Unleashing Youth Power
To eradicate FGMs raising awareness among global population is fundamental, especially new generations. For this reaseon this year’s Day theme is “Unleashing Youth Power: One decade of accelerating actions for zero female genital mutilation.” Despite this practice has been circulating for more than 1000 years, it is reasonable to think that FGMs may be put to an end by 2030.
Risper e Gladys
Key concepts to fight FGMs are human rights, gender equality, sexual education and attention to girls and women’s needs. Joint efforts are necessary to involve communities in this process. Since last year World Friends and CrescereInsieme have been promoting Il Femminile di Uguale project. The project’s aim is to raise awareness among the population on Sustainable Development Goals, especially number 5, gender equality.
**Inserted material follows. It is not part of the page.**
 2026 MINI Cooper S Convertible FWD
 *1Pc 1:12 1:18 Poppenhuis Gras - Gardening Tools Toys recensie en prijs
The story of the sisters Risper and Gladys offers a raw outlook on the drama of FGM. In rural areas of maasai highlands FGM is percieved as a “rite of passage”. Young Risper has undergone this practice at age 10 to wed afterwards. Her younger sister Gladys was luckier thanks to the intervention of the village chief, able to convince her father to let her daughter study. School and education have been an escape route from FGM for Gladys. However many girls today do not share such destiny.
Gladys: “I want to be a better person, I want to help the village and the girls of my age. Because I see the differences: when I was little all my brothers went to school, while we stayed at home. That happens to a lot of girls who don’t go to school.”